Quase um ano antes, logo que deu à luz os primeiros versos da canção, Lima viajou ao Rio de Janeiro e registrou o que já estava feito. A música ficou ali, à disposição de alguns, e sempre que alguém ouvia, se impressionava. 

Desafio
O nascimento de ‘Ilha de Maré’, aliás, é reflexo de uma má impressão que alguns músicos e críticos cariocas famosos tiveram sobre os compositores baianos. Conta Walmir que, num evento organizado pelo órgão de turismo governo da Bahia, nomes como o do maestro Júlio Medaglia e do cartunista Jaguar, comentaram que “a Bahia não compunha nada para as festas de largo”. “Aquilo me doeu”, admite Walmir, que encarou como um desafio.

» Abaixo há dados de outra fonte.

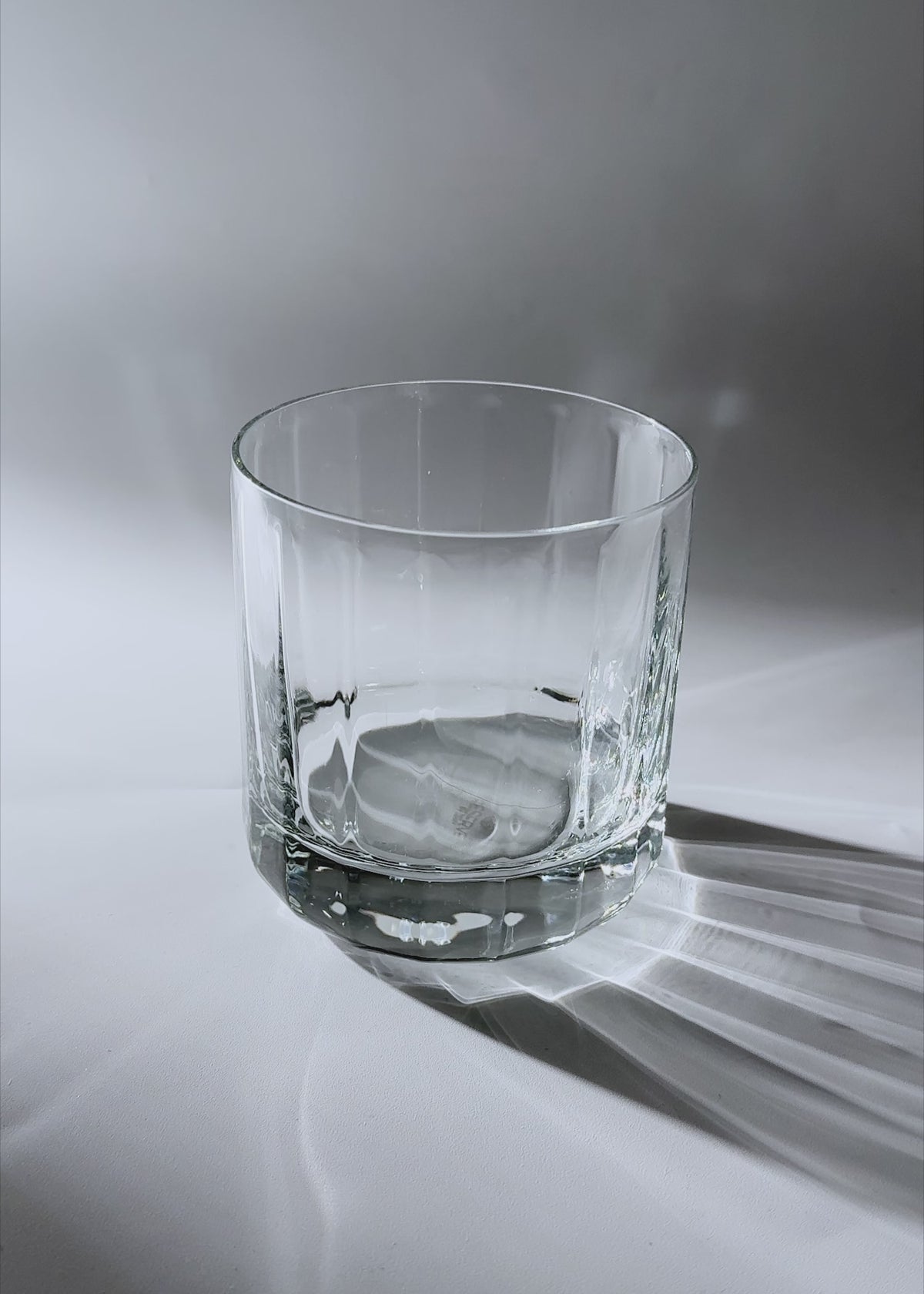 Cargar vídeo: Vaso Double Old Fashioned Radius de vidrio de 355 ml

E como todo bom desafio pressupõe uma missão, ela acabou sendo dada por uma amiga: Valneides, moradora de Ilha de Maré que o interpelou e criou as condições para viabilizar o processo. “Ela me disse assim: ‘Walmir, você faz músicas pras escolas de samba, pra bloco, por que você não faz música pra minha terra? Eu vou lhe dar um fim de semana lá, pra você’”, convidou a embaixadora de Ilha de Maré (que Walmir não sabe dizer o paradeiro), sem saber ela que estava mudando a história da música brasileira. 

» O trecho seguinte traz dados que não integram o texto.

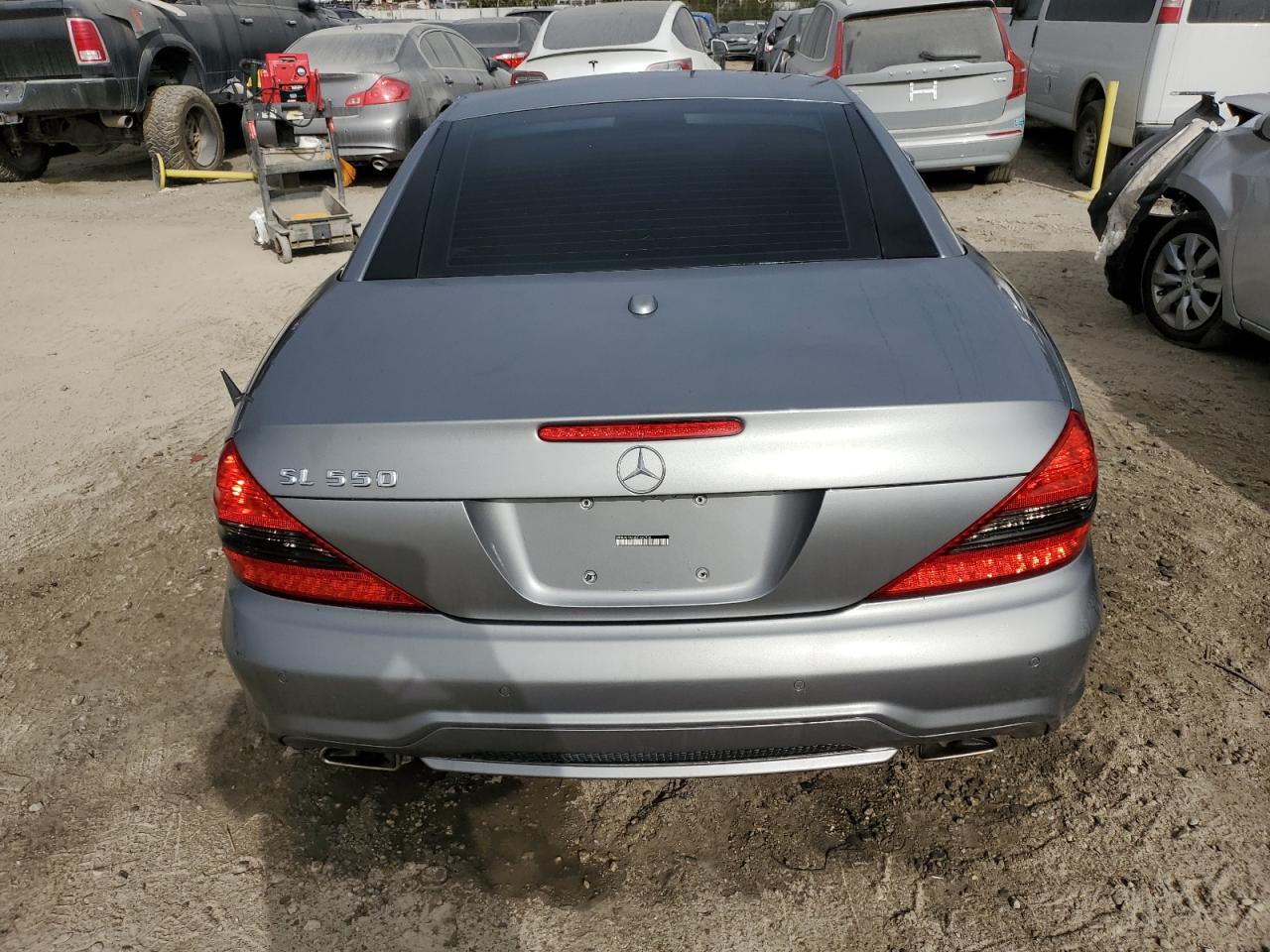 MERCEDES-BENZ SL-CLASS 550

Quando pegou o barquinho e o violão e desceu para a ilha, parte da canção já ressoava na mente do compositor. “Então, eu tava com a ideia na minha cabeça, da crítica dos caras lá do Rio… E eu já tinha a cabeça dessa música. Quando voltei de Ilha de Maré, que eu saltei do barco na Ribeira, botei minha família no carro e fui na Igreja da Conceição pra ver o que é que eu podia fazer pra acabar de terminar a música”, recorda.

Registro providencial
Semanas depois, o tetracampeão do carnaval da Bahia – foi o compositor de quatro sambas-enredos vencedores da folia baiana, na era pré-trio elétrico – desembarcou no Rio com sua obra em progresso, gestada do ressentimento com alguns colegas sudestinos.

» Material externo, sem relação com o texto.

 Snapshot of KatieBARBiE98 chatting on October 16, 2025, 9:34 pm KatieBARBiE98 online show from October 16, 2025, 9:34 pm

“Passei no Rio, na minha editora da época, deixei a cabeça da música e já peguei uns trocados. Eu ter deixado lá foi a minha felicidade, porque quando a música começou a estourar, apareceram esses indivíduos… Só que os ladrões ficaram chupando dedo, primeiro porque já tava registrada. Lá na hora da conversa, o cara (da editora) disse: ‘minha senhora, vá embora, porque senão eu vou mandar a polícia lhe recolher. Essa música já está registrada desde o ano passado’”, relata.

A tentativa de assalto, na verdade, só demonstrava a potência da composição, que também é assinada pelo parceiro Lupa – é dele a inserção de ‘comadre’ e ‘compadre’ na letra.

“Essa música veio com uma força… Não seria ela que iria ‘puxar’ o disco de Alcione. Seria ‘Pra que chorar’, feita por um grande poeta que tem uma estátua em Itapuã”, brinca Walmir, se referindo obviamente a Vinicius. A festa de largo escolhida para cumprir o desafio dos conterrâneos do Poetinha foi a Lavagem do Bonfim, como se sabe.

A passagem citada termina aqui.